Öncelikle Galatasaray Spor Kulubü adına davayı takip eden vekiller arasında kulübün resmi avukatlarının ve hukuk işlerinden sorumlu yönetim kurulu üyelerinin cübbelerini giyerek en önde savaşması gerektiğini düşünüyorum. Sadece geçmiş dönemde görev yapan yöneticilerden Rezan Epözdemir ve Vahap Tanrıverdi adına bir avukata kulübün yetki vererek işin içinde olmasını yeterli görmüyorum. Ayrıca camianın içindeki birçok hukukçu da hırsızlık iddialarıyla açılan davaya müdahil olmayarak hayal kırıklığı yaşattı.

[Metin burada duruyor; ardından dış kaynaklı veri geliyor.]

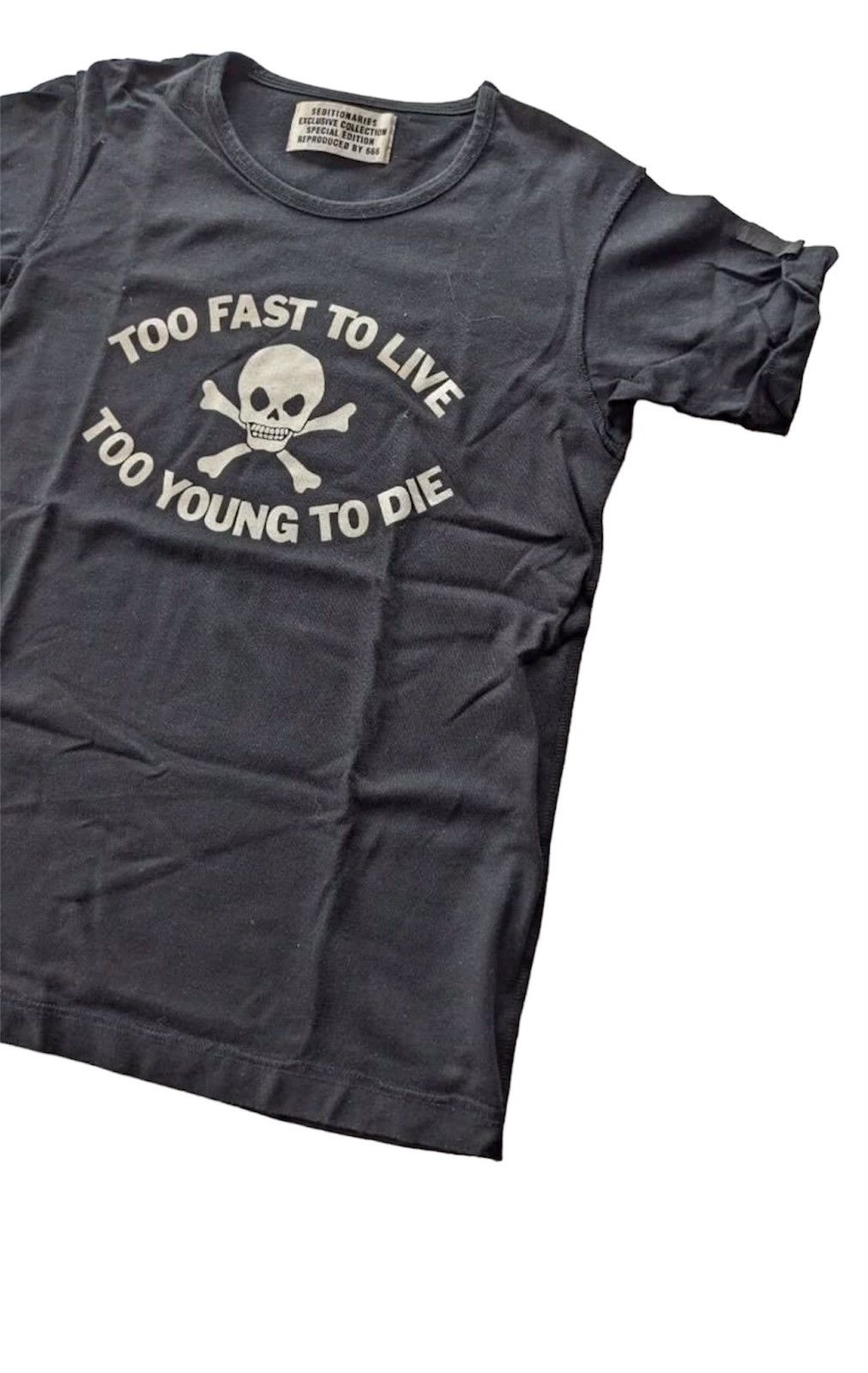 Japanese Brand × Seditionaries Seditioneries by 666 "to fast to live to young to die" poem Size US S / EU 44-46 / 1 - 2 Thumbnail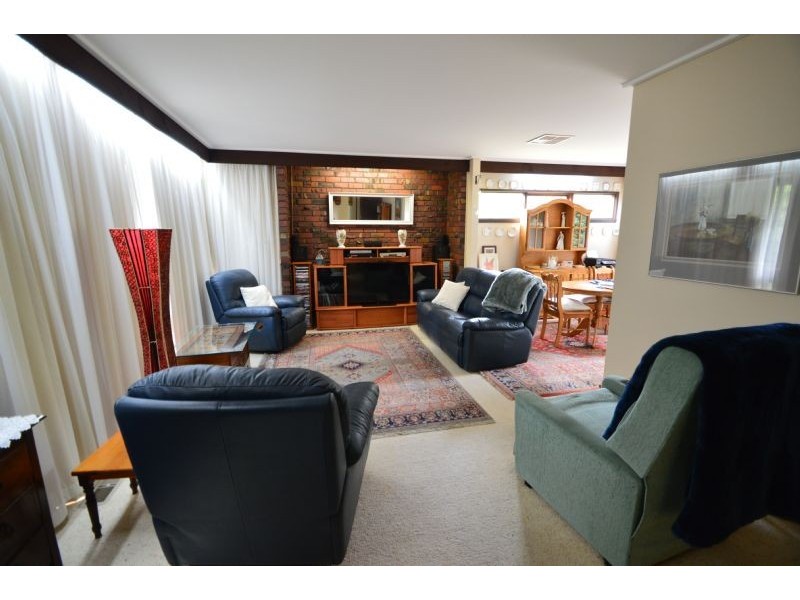 73 Lockhart Road, Ringwood North VIC 3134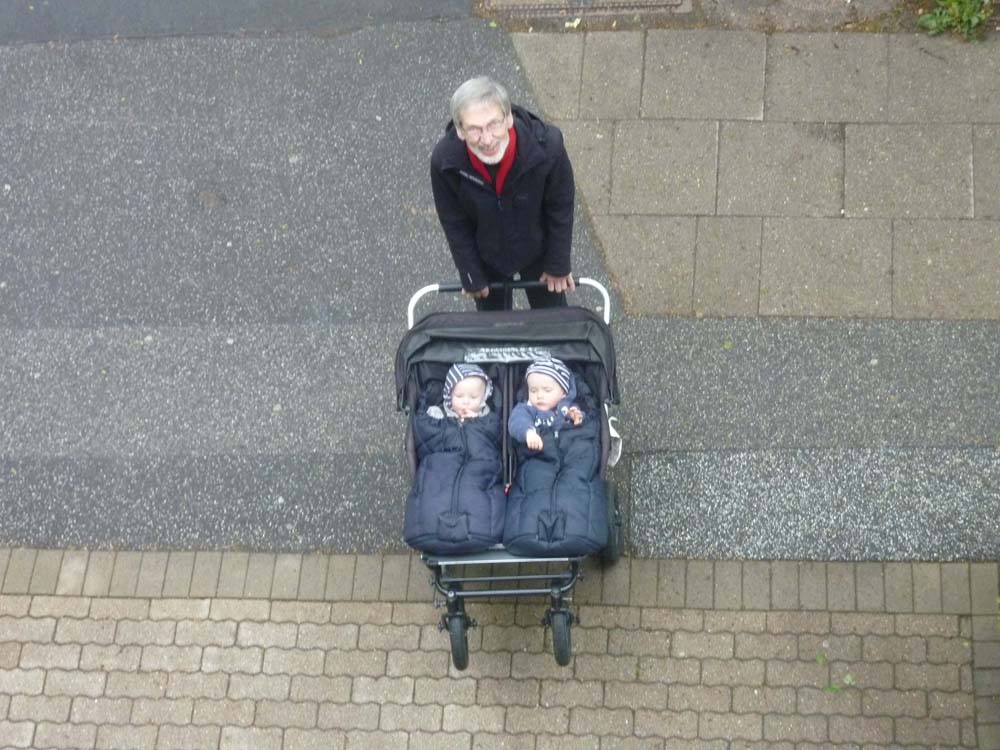 20100512_1429_uwe_mit_jj_beim_winken_vom_balkon_P1030489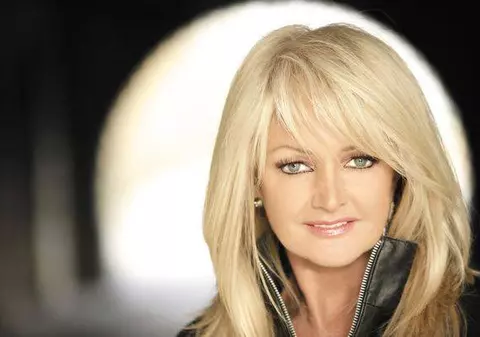 Bonnie Tyler a cântat pe scena X Factor! | VIDEO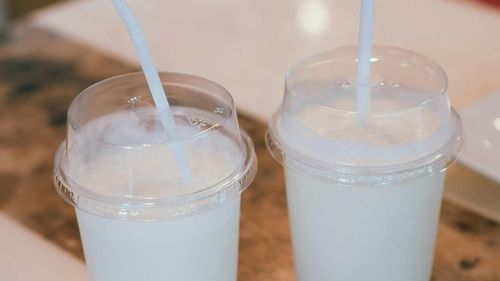 Ce este, mai exact, produsul din bucătăria anglo-saxonă numit buttermilk? Poate fi o alegere ideală pentru cei care vor să slăbească sănătos, sprijină sănătatea intestinelor, reglează tensiunea și ajută sistemul osos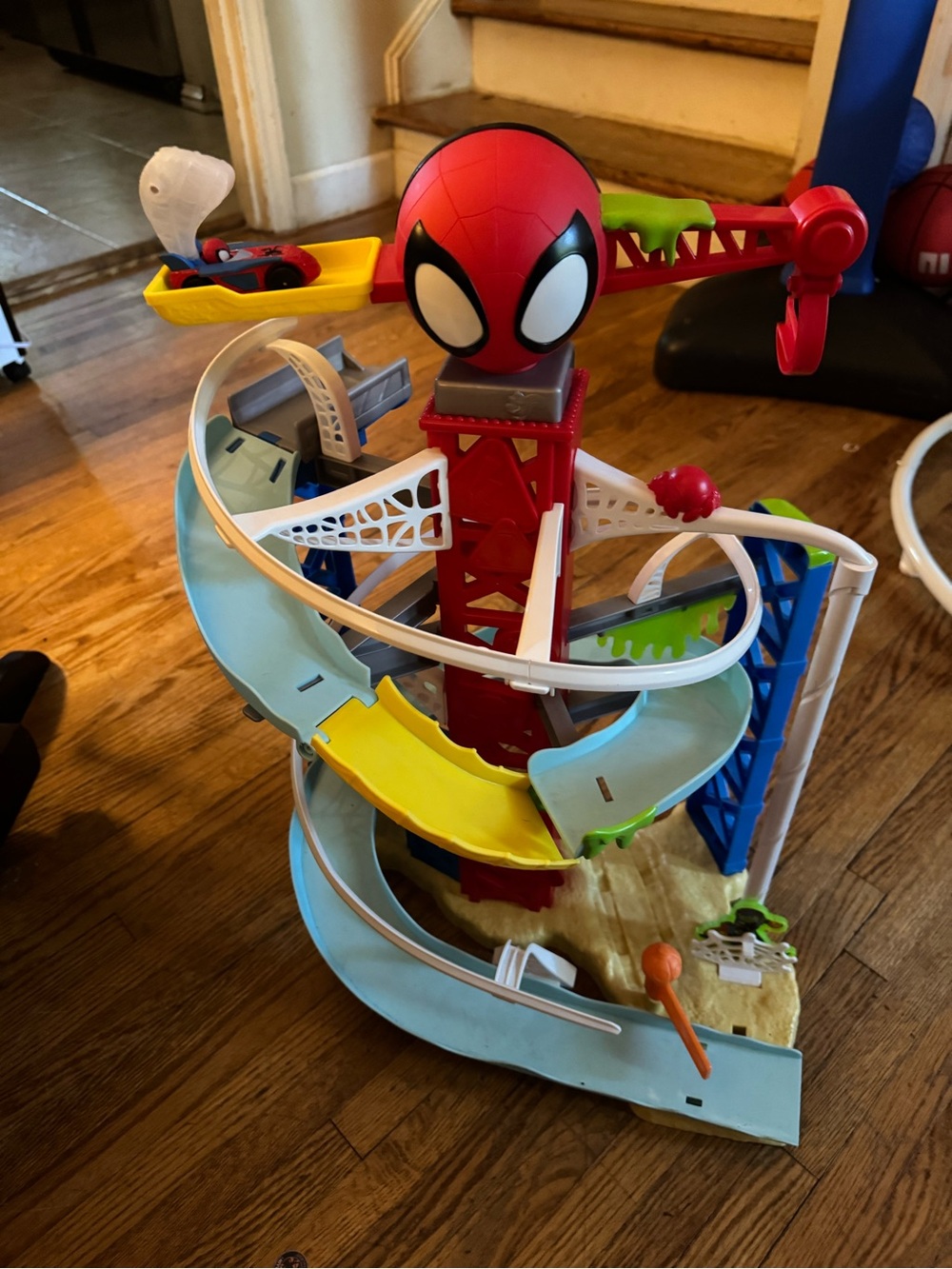 * LIKE NEW *Marvel Spidey and His Amazong Friends Spiral Racetrack Playset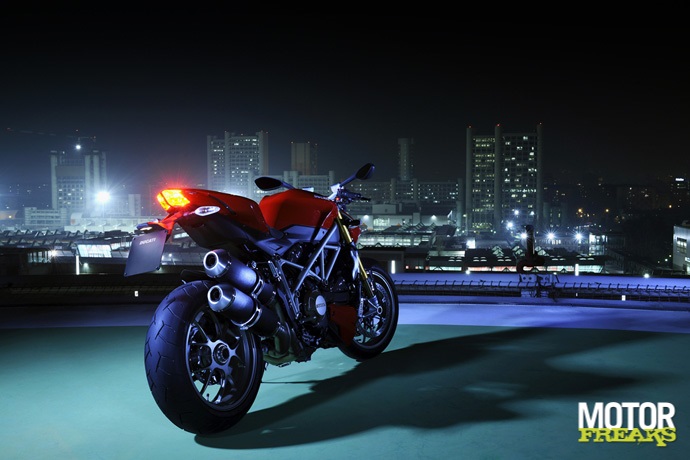 Ducati_Streetfighter_statisch_1.jpg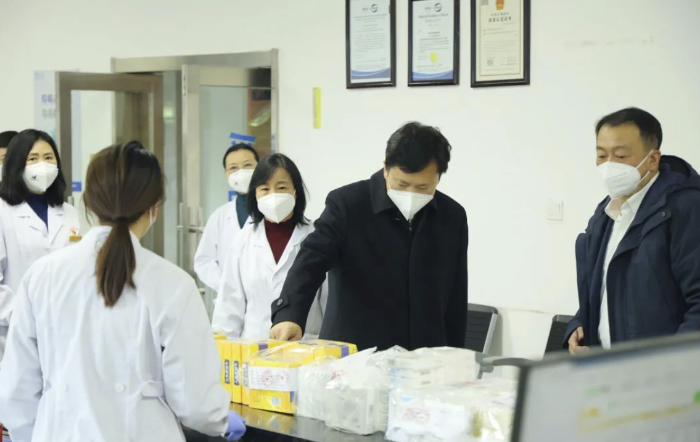 圖為吉林省藥監局黨組書記、局長孫繼民（右二）在省藥檢院調研。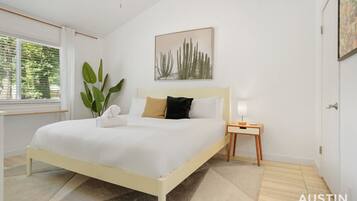 1 soverom, skrivebord, strykejern/-brett og wi-fi (inkludert)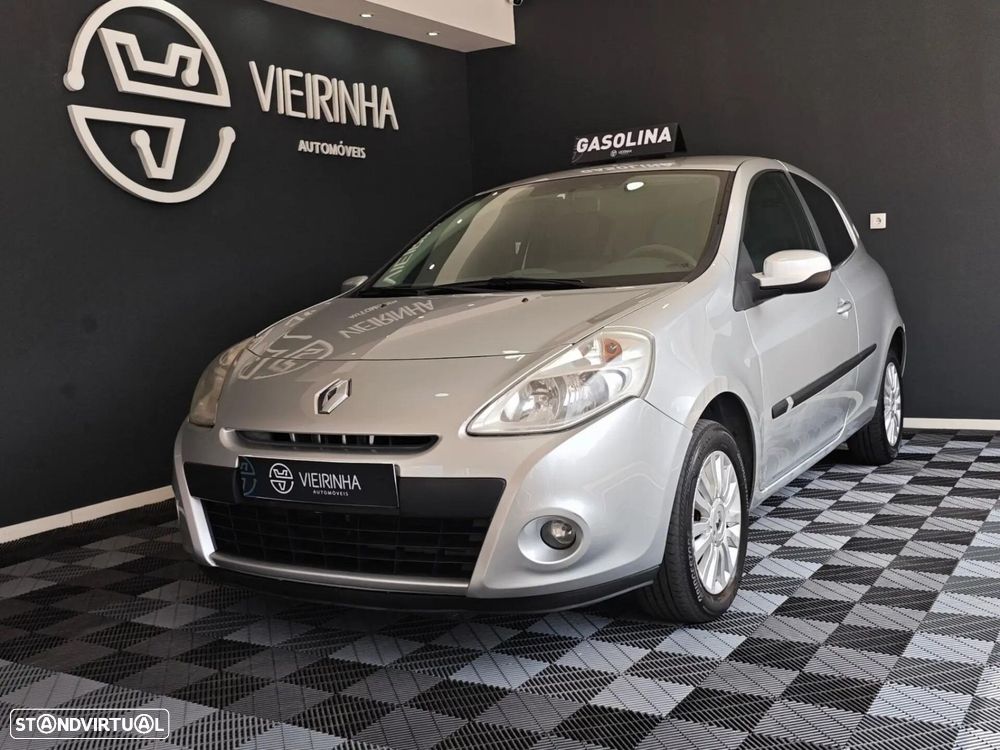 Renault Clio - 2
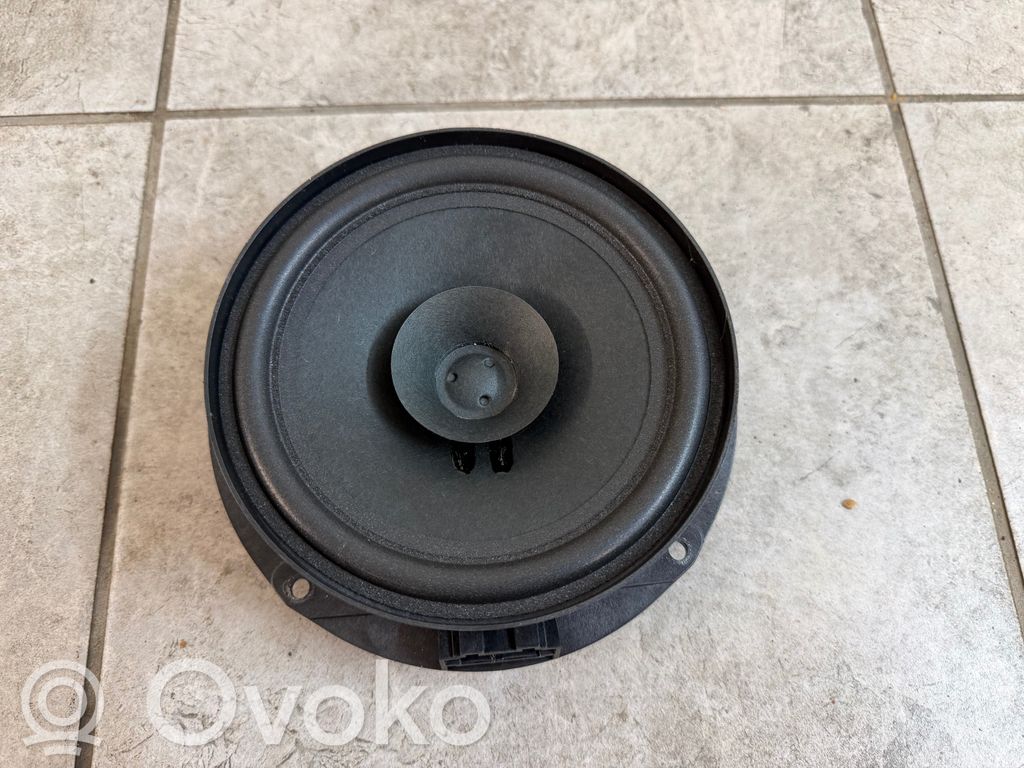 Volkswagen Amarok Difuzor ușă spate 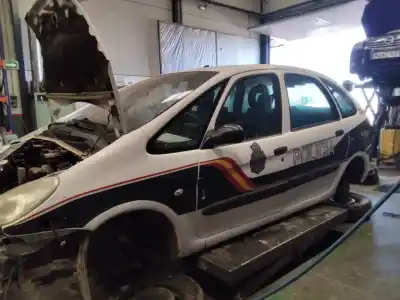 Veículo de Sucata citroen xsara picasso (n68) 1.6 hdi do ano 2001 alimentado 9hx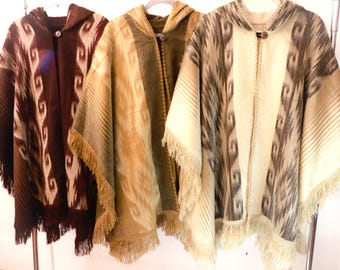 Poncho com capuz, xale de lã feito à mão, gabardine de alpaca, capa leve de alpaca bebê, poncho com estampa tribal, poncho unissex, xale de alpaca, capa de lã.
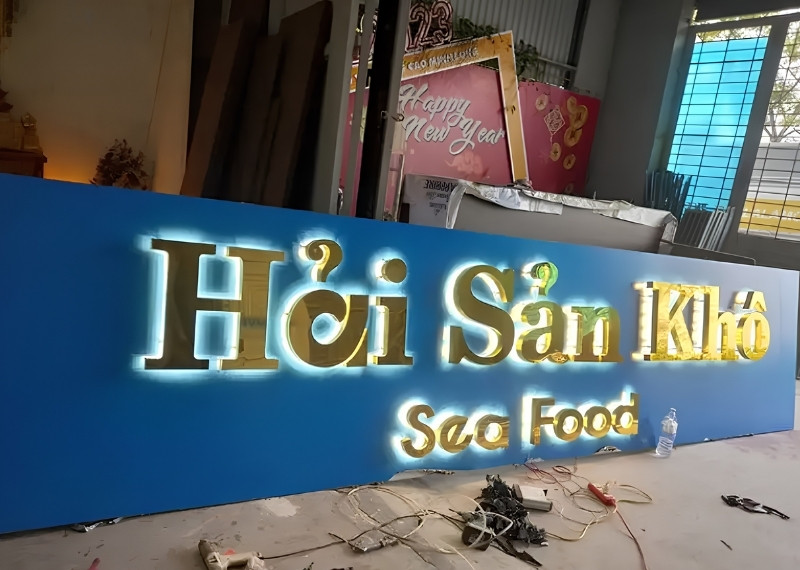 Thi Công Bảng Hiệu Hải Sản Đẹp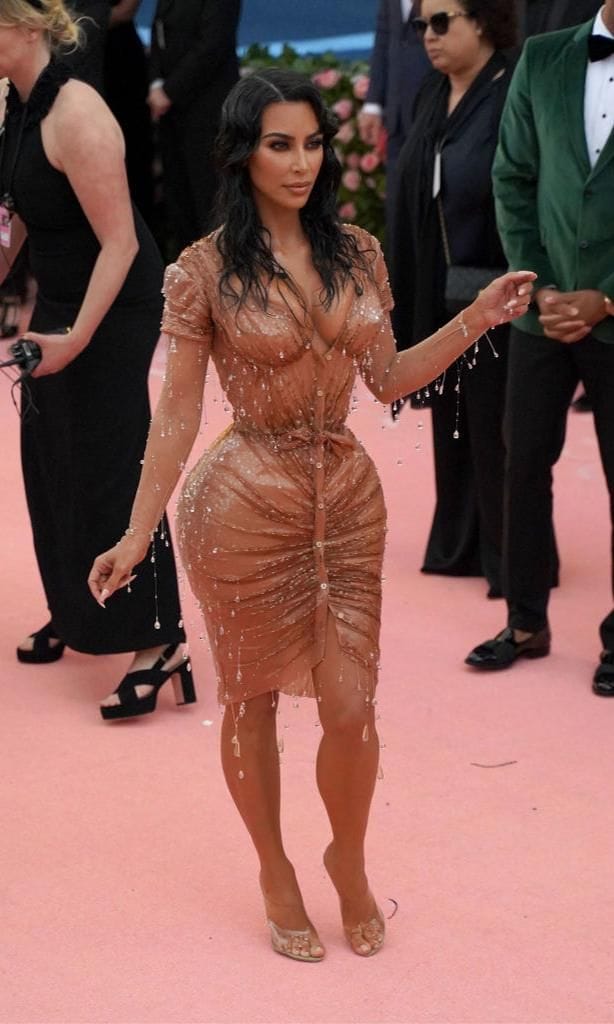 kim kardashian usa vestidos fruncidos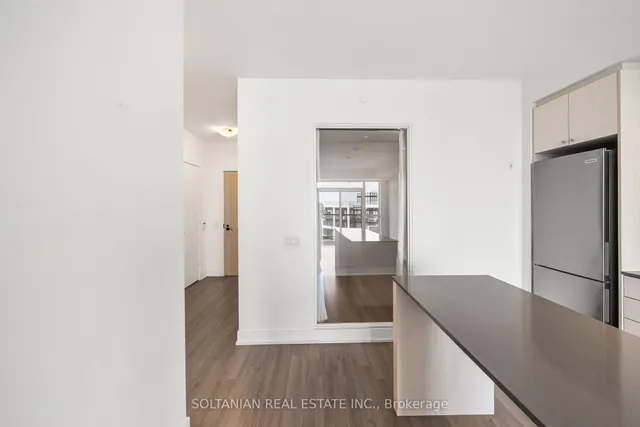 Additional image 18 of 50 George Butchart Dr Unit 810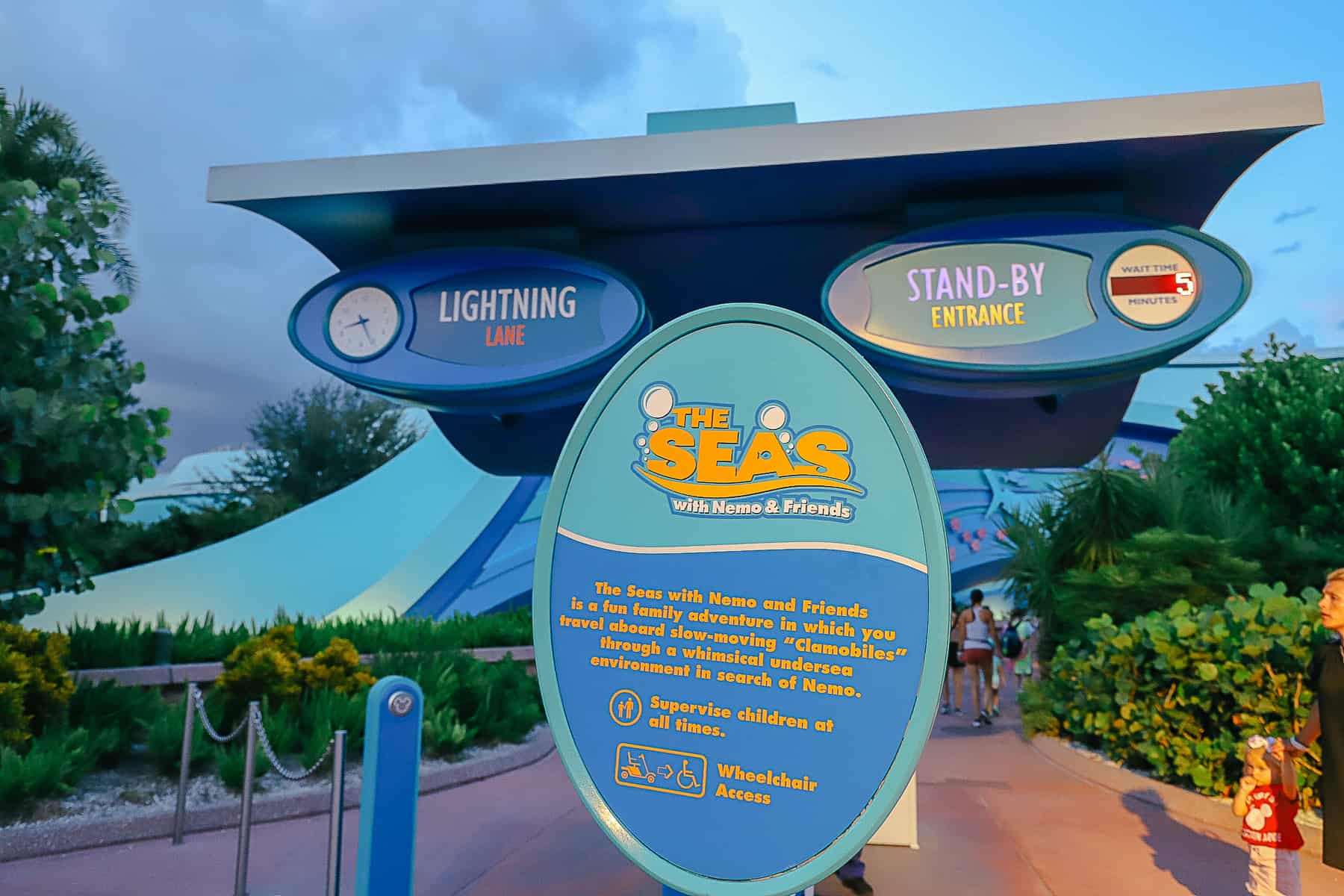 the entrance to the Lightning Lane and Stand-By for The Seas with Nemo and Friends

Üç eski kulüp çalışanı, halen daha çalışmaya devam eden bir personel dışında bir berber ve bir koleksiyonerin içinde bulunduğu iddianame ile dava görüşülmeye başlandı. Daha önce kulübün başvurusunda iddia edilen ürünlerin arabalara yüklendiği kamera kayıtları, 200’ün üzerinde depodan çıkarıldığı söylenen sıfır ürünler, yıllık 1 milyon Euro’yu bulan rantın detayları mahkemede sorgulanmadı.
Sıfır ürünlerin çalındığı iddiasını güçlendiren ne tanık, ne de sanığı salonda gördük. Depolardan sorumlu personel ve onlardan sorumlu müdürler de tanık olarak bile mahkemede yoktu.
Bu durumda dava 10 parça eski forma ve kullanılmış personel kıyafeti için mi açılmış oldu? Bunun neresinde 1 milyon Euro zarar? Ve iddianamede kamera kaydı, depo organizasyonları hakkındaki iddiaların yer almamasına neden kulübü temsilen gelen avukat itiraz etmedi?
Bu dava resmen sahipsiz kalmış. Bu dava garip kalmış! Görünen o ki; kulübün avukatlarına cübbelerine giydirerek aktif şekilde sürece dahil etmeyen Dursun Özbek yönetimi konunun üzerine çok gitmeyecek. O zaman, “Galatasaray’ın içi boşaltılmış” diyen Burak Elmas yönetimi, başladığı işi bitirsin ve bizzat konuya tanık sıfatıyla dahil olarak Galatasaray armasının namusuna sahip çıksın!